• **AIM OF THE EXERCISE**
Within the listing below, give again exactly the lines between the one containing "Bone Laranja Tuff logo Preto redinha Branca" and the one containing "Wireless Panoramic VR", inclusive, pictures left aside.

• **DATA SHOWN**
BEGIN
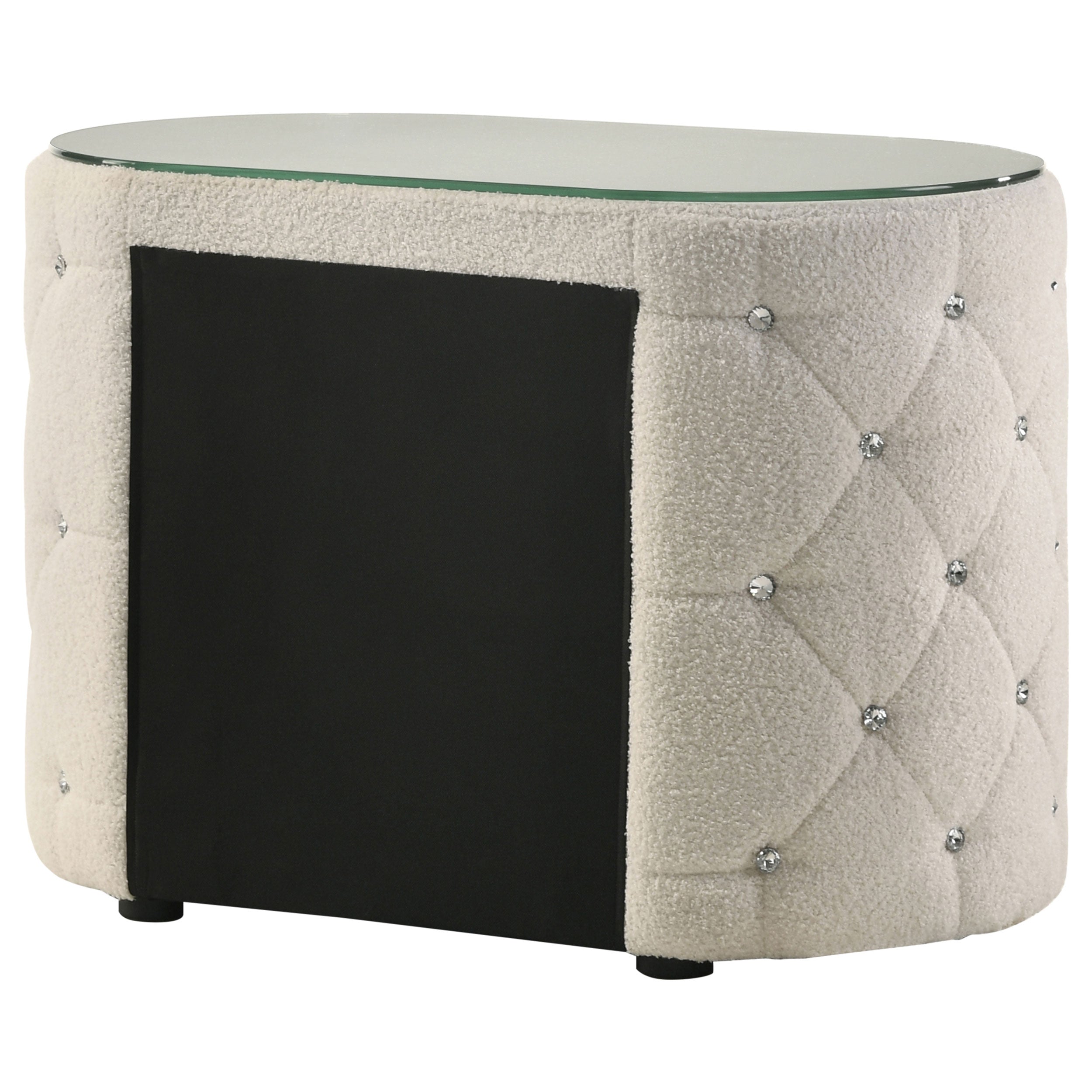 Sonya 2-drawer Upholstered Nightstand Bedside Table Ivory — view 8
END
BEGIN
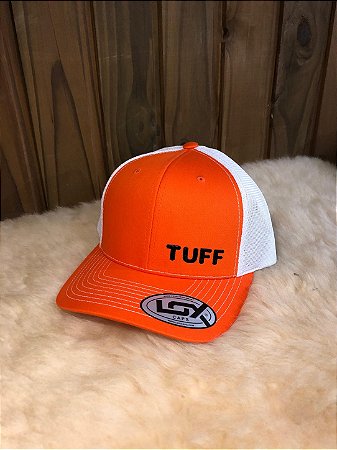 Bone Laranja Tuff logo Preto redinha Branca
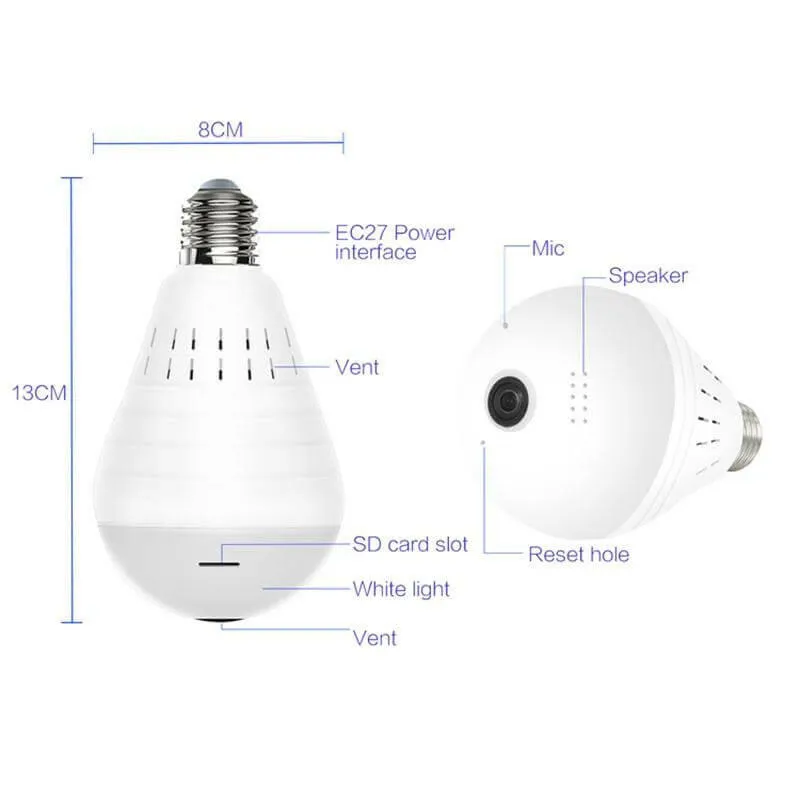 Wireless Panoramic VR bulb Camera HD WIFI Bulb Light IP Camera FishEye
END
BEGIN
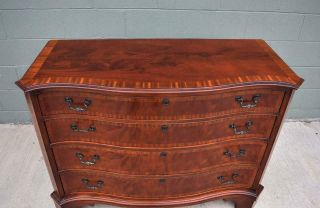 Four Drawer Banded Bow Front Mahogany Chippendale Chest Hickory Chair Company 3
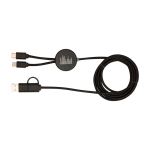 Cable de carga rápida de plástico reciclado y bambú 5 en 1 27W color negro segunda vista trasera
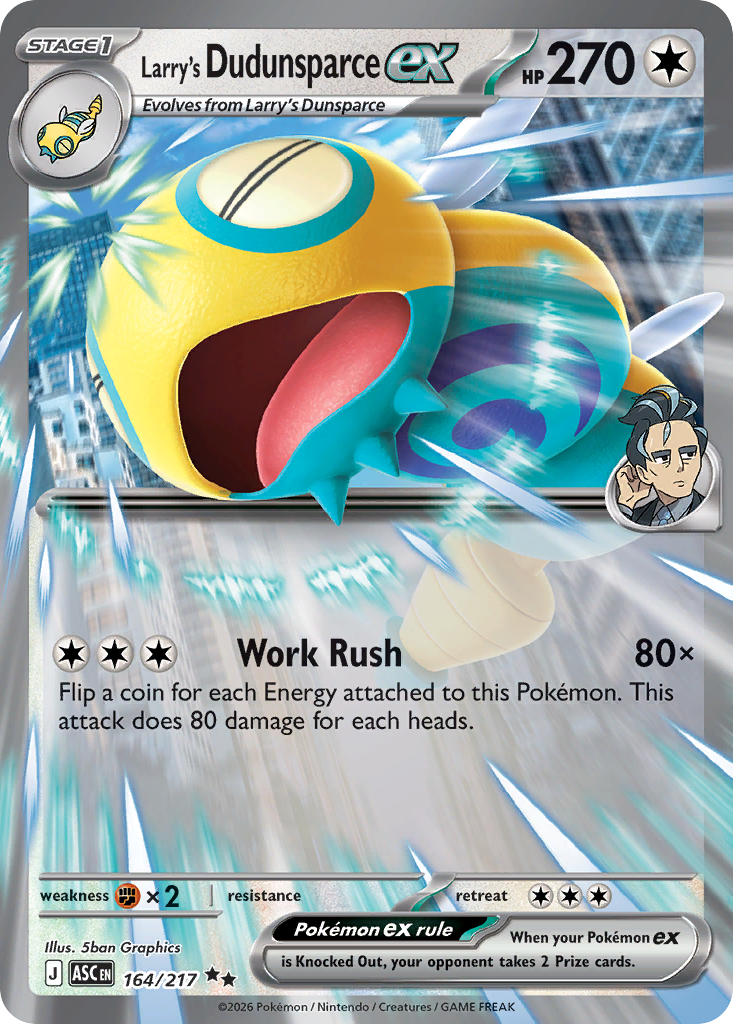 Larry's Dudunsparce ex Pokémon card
END
• **OUTPUT**
 Bone Laranja Tuff logo Preto redinha Branca
 Wireless Panoramic VR bulb Camera HD WIFI Bulb Light IP Camera FishEye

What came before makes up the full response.